Requirement
Word for word, copy the line containing "Griya Anggrek Hotell" and every line after it in the records below, leaving pictures out.

Short text fragments from websites
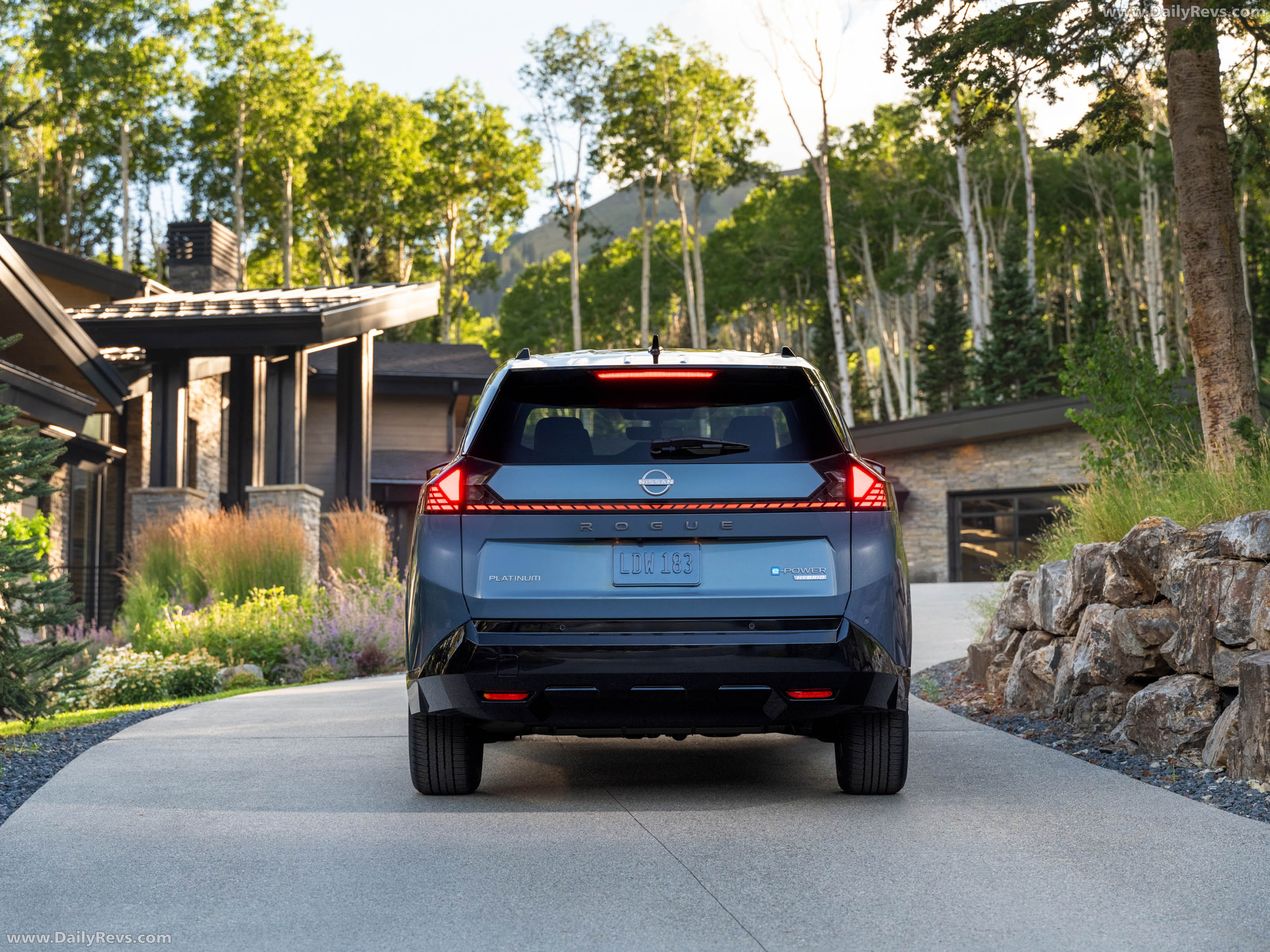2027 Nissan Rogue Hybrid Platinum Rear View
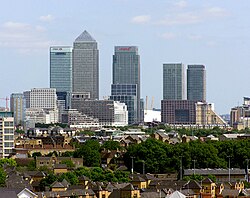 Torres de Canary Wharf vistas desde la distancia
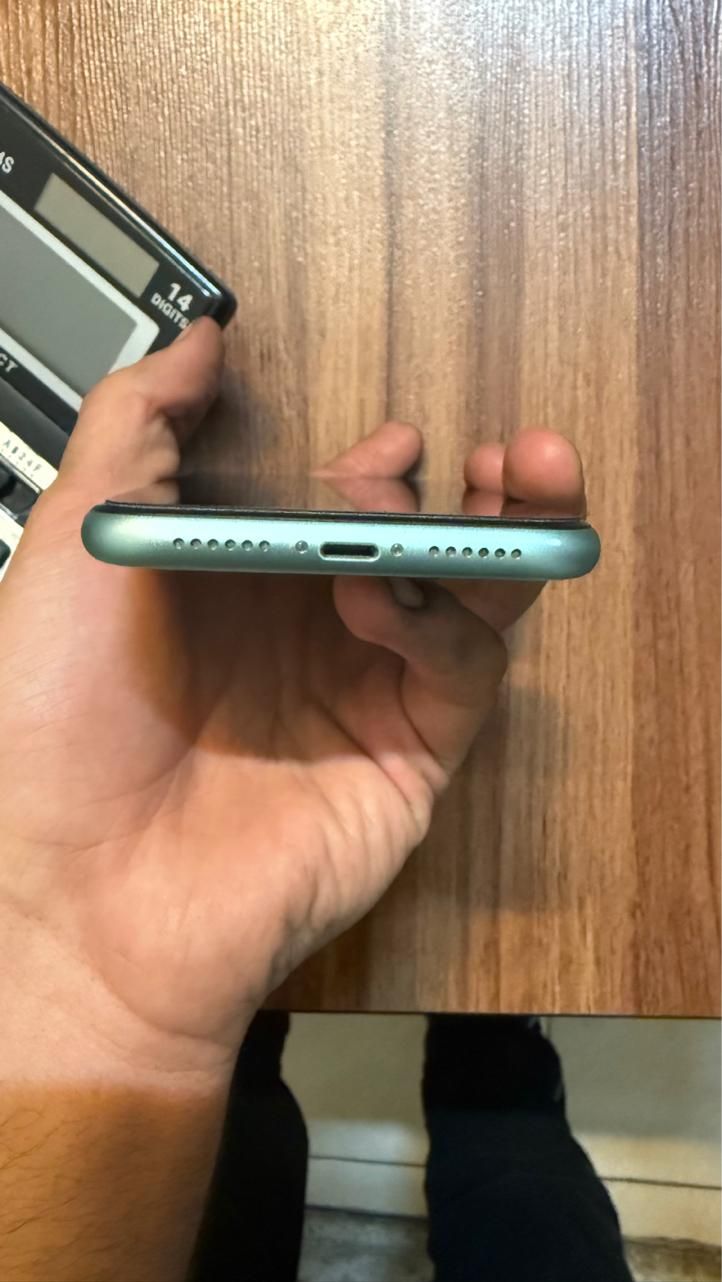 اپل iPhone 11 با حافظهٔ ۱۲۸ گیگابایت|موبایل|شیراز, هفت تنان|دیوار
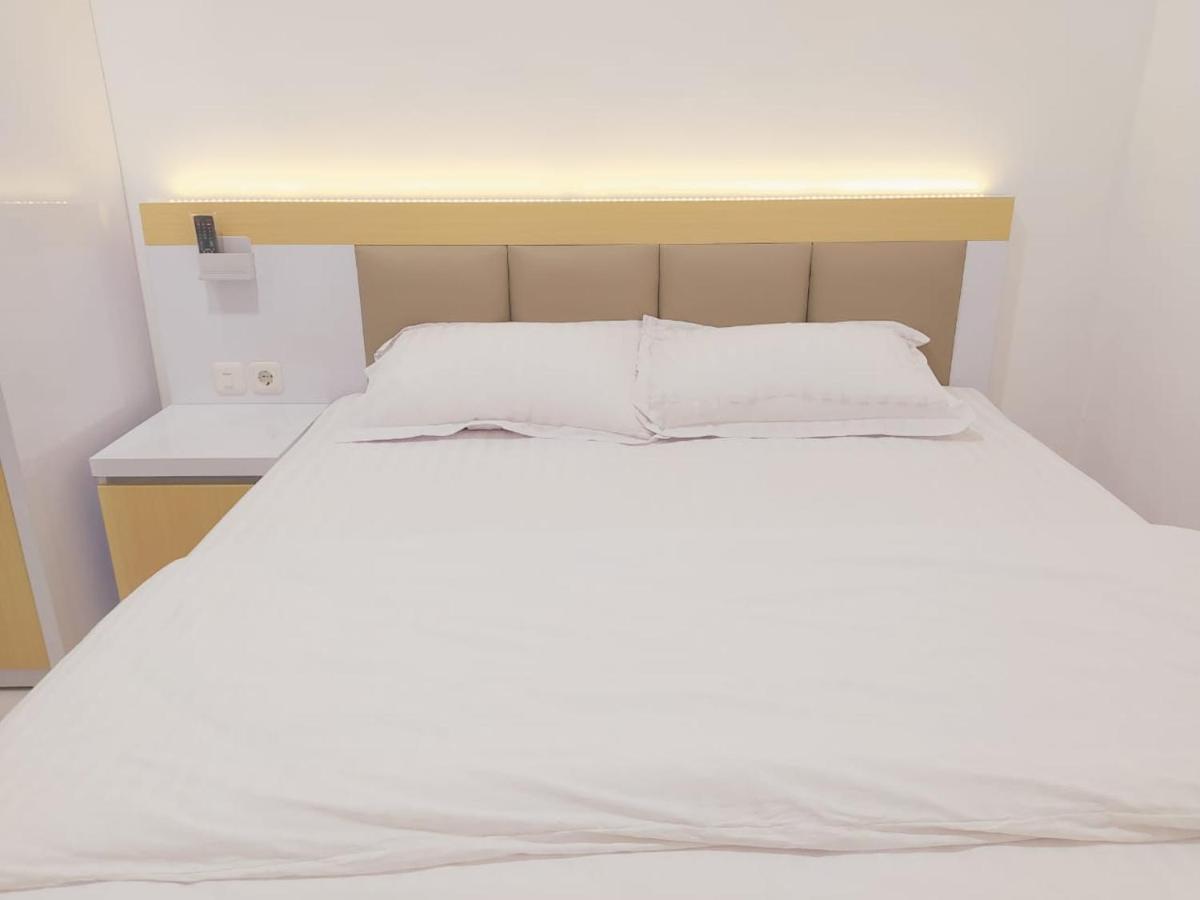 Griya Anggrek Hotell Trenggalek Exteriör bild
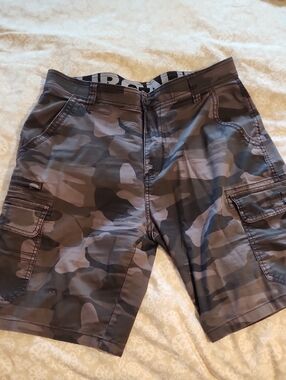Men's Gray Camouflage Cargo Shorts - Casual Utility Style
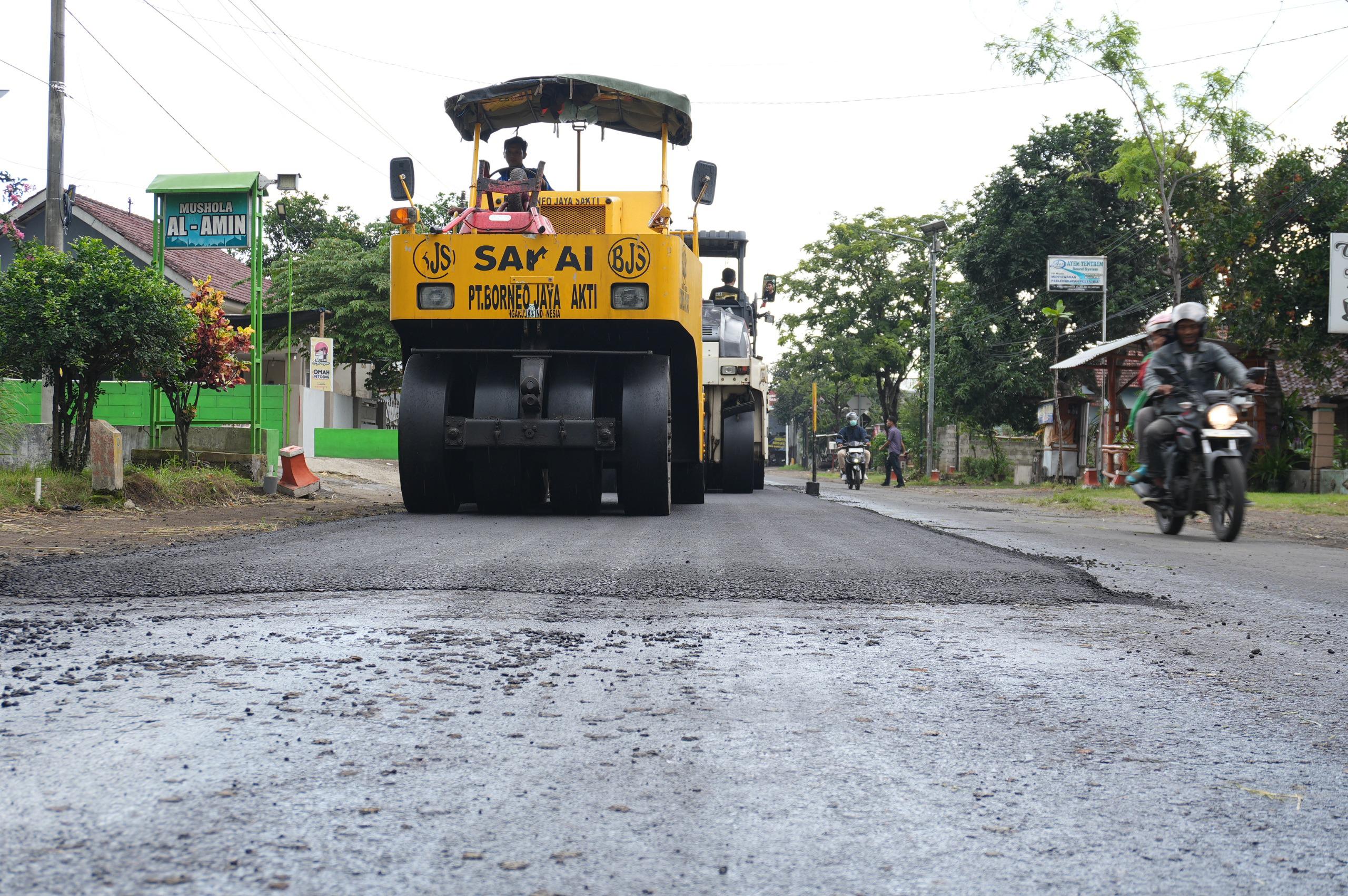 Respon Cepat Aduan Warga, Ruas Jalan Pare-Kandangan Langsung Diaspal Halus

Output for this task
 Griya Anggrek Hotell Trenggalek Exteriör bild
Men's Gray Camouflage Cargo Shorts - Casual Utility Style
 Respon Cepat Aduan Warga, Ruas Jalan Pare-Kandangan Langsung Diaspal Halus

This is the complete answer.